**GIVEN INFORMATION:**
########

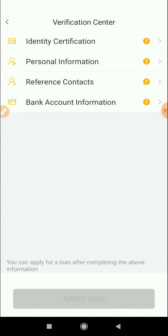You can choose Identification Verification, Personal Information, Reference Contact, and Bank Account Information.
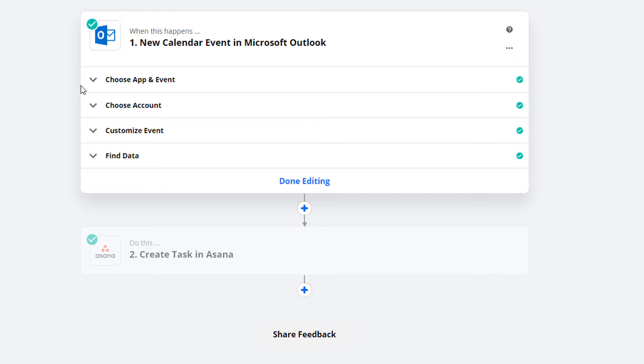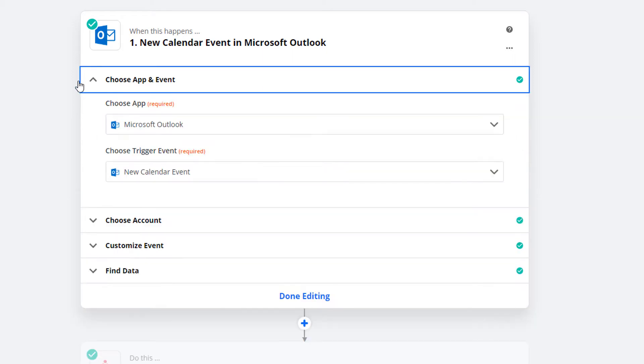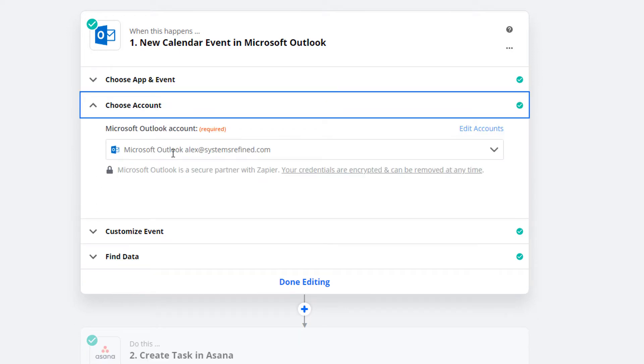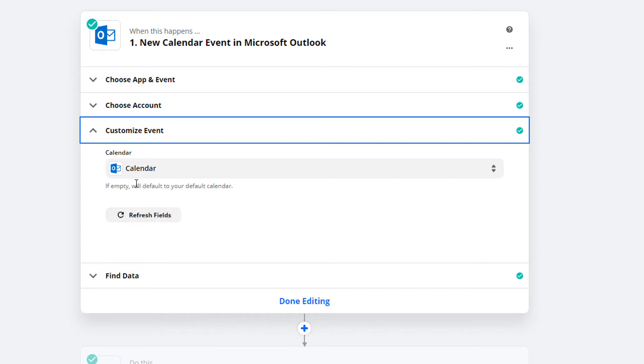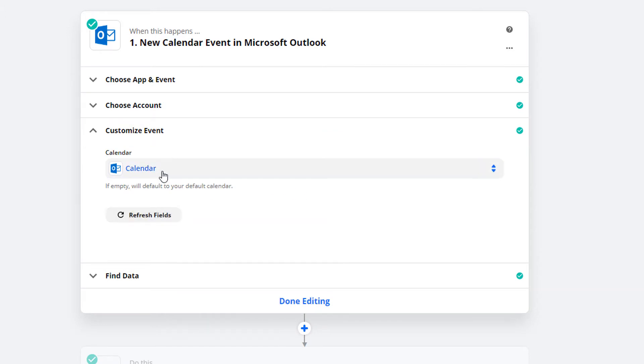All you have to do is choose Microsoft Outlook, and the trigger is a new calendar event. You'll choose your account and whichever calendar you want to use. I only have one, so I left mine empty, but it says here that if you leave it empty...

########

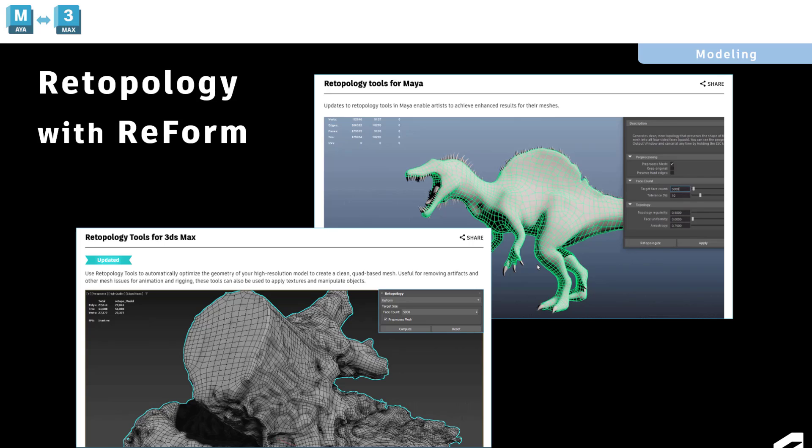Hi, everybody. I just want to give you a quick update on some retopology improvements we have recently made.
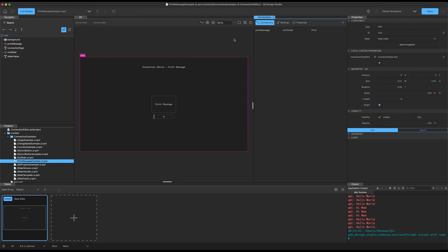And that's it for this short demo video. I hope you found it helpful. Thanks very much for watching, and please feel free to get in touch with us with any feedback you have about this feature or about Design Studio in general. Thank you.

########

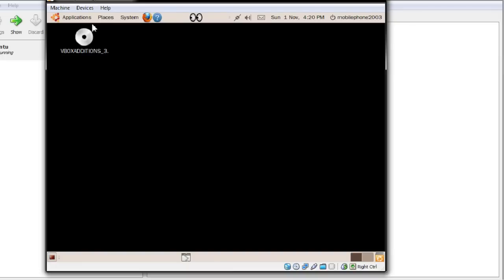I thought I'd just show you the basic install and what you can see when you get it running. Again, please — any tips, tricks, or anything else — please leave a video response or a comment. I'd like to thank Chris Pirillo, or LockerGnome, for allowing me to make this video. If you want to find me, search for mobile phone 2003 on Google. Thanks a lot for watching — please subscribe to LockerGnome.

########

**TASK STATEMENT:**
Taking the material above, give again exactly the lines from the one holding "You can choose" through the one holding "All you have", with both ends and without pictures.

**ANSWER BOX:**
You can choose Identification Verification, Personal Information, Reference Contact, and Bank Account Information.
All you have to do is choose Microsoft Outlook, and the trigger is a new calendar event. You'll choose your account and whichever calendar you want to use. I only have one, so I left mine empty, but it says here that if you leave it empty...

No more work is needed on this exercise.